In this study, the 10-year cumulative incidence of conversion to arthroplasty for geriatric patients undergoing proximal humerus ORIF as an inpatient was found to be 8.2%. Overall 10-year all-cause reoperation rates were found to be 12.1% for ORIF patients and less than 4% for both HA and SA patients. Both hemiarthroplasty and shoulder arthroplasty patients had lower rates of 30-day readmission or short-term major complications than ORIF patients, although the difference in complication rate between arthroplasty and ORIF was attenuated in more recent years. Finally, during the 17-year study period, the proportion of patients treated with hemiarthroplasty decreased while the proportion treated with arthroplasty increased.

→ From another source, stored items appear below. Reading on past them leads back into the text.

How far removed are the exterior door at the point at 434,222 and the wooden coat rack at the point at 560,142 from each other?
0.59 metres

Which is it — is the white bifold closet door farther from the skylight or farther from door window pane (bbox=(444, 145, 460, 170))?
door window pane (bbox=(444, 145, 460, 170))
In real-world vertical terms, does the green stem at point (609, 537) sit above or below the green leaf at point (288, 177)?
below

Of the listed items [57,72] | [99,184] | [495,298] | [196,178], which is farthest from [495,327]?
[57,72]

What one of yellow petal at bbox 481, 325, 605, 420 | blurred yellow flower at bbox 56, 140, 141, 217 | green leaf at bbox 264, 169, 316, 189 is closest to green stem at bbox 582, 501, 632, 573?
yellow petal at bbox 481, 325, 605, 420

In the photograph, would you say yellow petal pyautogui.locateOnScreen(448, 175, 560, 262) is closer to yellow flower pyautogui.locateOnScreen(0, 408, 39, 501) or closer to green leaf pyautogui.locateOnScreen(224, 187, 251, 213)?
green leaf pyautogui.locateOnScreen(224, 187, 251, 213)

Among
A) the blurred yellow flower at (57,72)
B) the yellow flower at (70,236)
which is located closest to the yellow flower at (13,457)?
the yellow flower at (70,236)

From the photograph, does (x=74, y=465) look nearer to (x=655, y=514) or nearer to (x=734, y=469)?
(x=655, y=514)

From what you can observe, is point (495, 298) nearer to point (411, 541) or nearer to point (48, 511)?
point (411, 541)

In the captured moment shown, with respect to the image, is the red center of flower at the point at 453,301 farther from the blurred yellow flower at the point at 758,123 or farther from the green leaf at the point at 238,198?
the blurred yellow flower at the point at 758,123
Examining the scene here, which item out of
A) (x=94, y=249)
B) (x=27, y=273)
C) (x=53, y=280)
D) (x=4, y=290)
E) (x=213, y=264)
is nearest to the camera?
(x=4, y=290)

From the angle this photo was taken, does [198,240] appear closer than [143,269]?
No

Our findings regarding long-term reoperation rates after proximal humerus fracture ORIF support evidence from existing smaller cohort studies. Out of 131 geriatric proximal humerus fractures treated with ORIF, Barlow et al reported an 11% reoperation rate at a mean 6-year follow-up.⁵ In an age-matched comparison of geriatric PHF patients, Greiwe et al¹⁰ found that 6 out of 25 patients in the ORIF group underwent reoperation (4 conversions, 1 revision, and 1 hardware removal) at mean 4-year follow-up compared to 0 patients in the RTSA group, despite a lower proportion of 3 to 4 part fractures in the ORIF cohort. Klug et al^13,14 has published twice on their experience with RTSA versus locking-plate ORIF for complex proximal humerus fractures, reporting a 12% to 20% reoperation rate for ORIF patients compared to 3% to 5% in RTSA patients. Yahuaca et al¹⁵ also reported far higher rates of reoperation in ORIF patients compared to RTSA, although their results were likely affected by including patients younger than 65 that were more likely to undergo fixation. Finally, Suroto combined the results of 6 studies in a systematic review and meta-analysis, reporting that RTSA had overall lower reoperation rates than ORIF when treating 3 or 4 part fractures.¹⁶ Taken together, our study and the existing evidence suggest that in the appropriately selected patient, specifically elderly females, management with RTSA instead of ORIF may be preferential to minimize the risk of reoperation or conversion to arthroplasty. Older age was associated with a lower risk of reoperation across all treatment cohorts and females who underwent ORIF were found to have a higher risk of conversion to arthroplasty than males.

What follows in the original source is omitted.